While the top carriers' most basic plans now feature unlimited talk and text, some make you pay dearly for data, which most of us need for surfing the web, streaming music and videos, and using apps online when out of range of a Wi-Fi network.
When it comes to reasonable pricing for plans with data restrictions, T-Mobile and Sprint take the cake. If you're a light data user, you can pay just $50/month for 1 gigabyte of data with T-Mobile as well as with Sprint, which is significantly cheaper than the $80 you’ll pay for the same service if you go with Verizon or the $65 you’ll spend if you opt for AT&T.
If you’re dying to stop budgeting your data use and are leaning toward getting an unlimited plan, T-Mobile is the carrier to beat. Its $80-per-month plan is $30 cheaper than Sprint’s unlimited offering. AT&T and Verizon don’t offer unlimited data plans, so if you’re a heavy data user, you’ll find purchasing higher-gigabyte plans with either carrier to be a pricey prospect.
While T-Mobile has great prices, there is a catch. Most contract plans subsidize your iPhone, meaning they charge you a discounted price for the device (roughly $200) but lock you into a two-year contract. T-Mobile, on the other hand, doesn’t subsidize its phones, meaning you have to pay the full retail price, which ranges from $600 to $900. If you can’t afford the upfront cost of the device, you can finance your phone with T-Mobile for an extra monthly fee. This fee, which ranges from $20–$30 a month, isn’t included in T-Mobile’s service plans.
BUYING FOR THE WHOLE FAMILY
If you're looking for a family plan, a good place to start is with Sprint's Family Share Pack, which lets you split up to 40 GB of data between up to 10 lines—an unparalleled deal for big families.
T-Mobile lets you specify how much data you want for each individual line. When shopping for a family of four, you can purchase 3 GB each for only $140/month (not including phone financing charges if you haven’t paid off your device).
Verizon and AT&T charge $160/month for families sharing 10 GB of data. But with Verizon, only customers who qualify for the company’s Edge program, which lets you upgrade your device more frequently and get discounts on service, get the $160 price; for everyone else it costs $260/month.
For ultra-connected families, T-Mobile and Sprint offer unlimited data plans.
THE TWO-YEAR COMMITMENT
In 2013, T-Mobile completely did away with contracts, so you can quit the service at any time at no charge. No other national provider offers this. In fact, other providers charge you a stiff early termination fee of as much as $350 if you quit their service before your contract is up.
How about activation and data overage fees? Well, each national carrier's activation fee is about $35. However, most Verizon and AT&T plans also charge an extra $15 per GB when you exceed your data allowance. T-Mobile and Sprint, on the other hand, have no data overage fees at all; instead docking your connection speed when you exceed your limit.
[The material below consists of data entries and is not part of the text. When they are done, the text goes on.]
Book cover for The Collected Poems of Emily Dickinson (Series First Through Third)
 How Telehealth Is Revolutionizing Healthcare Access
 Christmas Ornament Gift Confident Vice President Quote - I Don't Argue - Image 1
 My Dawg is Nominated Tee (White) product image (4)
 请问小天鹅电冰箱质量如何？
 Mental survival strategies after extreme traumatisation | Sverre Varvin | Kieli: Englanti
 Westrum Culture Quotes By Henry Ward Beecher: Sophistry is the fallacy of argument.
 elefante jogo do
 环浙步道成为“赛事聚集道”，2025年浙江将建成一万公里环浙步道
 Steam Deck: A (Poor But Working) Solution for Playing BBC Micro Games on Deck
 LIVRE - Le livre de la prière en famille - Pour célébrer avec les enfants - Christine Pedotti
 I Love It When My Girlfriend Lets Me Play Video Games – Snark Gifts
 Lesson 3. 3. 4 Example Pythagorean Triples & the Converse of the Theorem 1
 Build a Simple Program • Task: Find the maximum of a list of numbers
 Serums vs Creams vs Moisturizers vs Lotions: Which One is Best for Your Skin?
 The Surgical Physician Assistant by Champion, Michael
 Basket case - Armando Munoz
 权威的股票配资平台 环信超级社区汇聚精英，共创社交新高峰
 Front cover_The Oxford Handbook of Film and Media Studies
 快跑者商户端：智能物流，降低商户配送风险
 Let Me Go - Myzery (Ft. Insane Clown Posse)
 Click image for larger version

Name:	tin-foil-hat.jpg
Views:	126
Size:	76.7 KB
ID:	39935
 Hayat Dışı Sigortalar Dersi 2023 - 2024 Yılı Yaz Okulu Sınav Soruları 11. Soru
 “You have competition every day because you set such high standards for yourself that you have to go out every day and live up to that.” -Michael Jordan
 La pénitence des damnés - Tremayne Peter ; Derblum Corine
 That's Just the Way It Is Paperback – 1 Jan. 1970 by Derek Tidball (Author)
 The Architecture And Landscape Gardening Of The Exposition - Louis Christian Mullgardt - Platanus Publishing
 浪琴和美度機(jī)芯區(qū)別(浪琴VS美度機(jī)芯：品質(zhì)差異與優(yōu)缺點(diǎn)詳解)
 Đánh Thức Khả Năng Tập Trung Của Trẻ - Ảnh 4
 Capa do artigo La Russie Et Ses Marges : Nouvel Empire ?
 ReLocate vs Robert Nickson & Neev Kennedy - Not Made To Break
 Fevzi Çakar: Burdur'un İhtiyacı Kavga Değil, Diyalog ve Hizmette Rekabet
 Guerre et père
AVOIDING FAULTY CONNECTIONS
In the battle for coverage and quality, AT&T and Verizon are neck and neck. So while T-Mobile and Sprint have inexpensive plans and unlimited data offerings, depending on where you live, it might be worth coughing up the extra cash for a fast and reliable connection. A great way to see which carriers have the best coverage in your area is to simply check the street-level coverage maps on each carrier’s website.
AT&T typically provides the fastest download speeds, but Verizon is the largest wireless carrier and its massive 4G LTE network covers more urban and rural space than any other provider. According to a March study by mobile analytics firm RootMetrics, Verizon beat out every other major carrier in the categories of reliability, data, calls, and texts, while AT&T came out on top in speed.
In June, Verizon announced that it would be upgrading its LTE network to a system dubbed “XLTE,” which it says will deliver faster peak speeds at double the bandwidth of the company’s current network.
CONCERNS OVER CREDIT SCORE
Although all the national carriers provide a full set of features, T-Mobile and Sprint rank among the highest in terms of special services. What makes these two carriers slightly better than others? They don't run credit checks for some plans. If you're currently building your credit, Sprint and T-Mobile can get a phone in your hand quicker than any other carrier.
In this day and age, you should be accustomed to the battle between price and quality. If you value frugality or have an unstable source of income, you'll probably find a friend in TMobile or Sprint. On the other hand, if you're willing to shell out the extra bucks for the highest quality service and speed available, you'll likely be happy to sign a contract with Verizon or AT&T.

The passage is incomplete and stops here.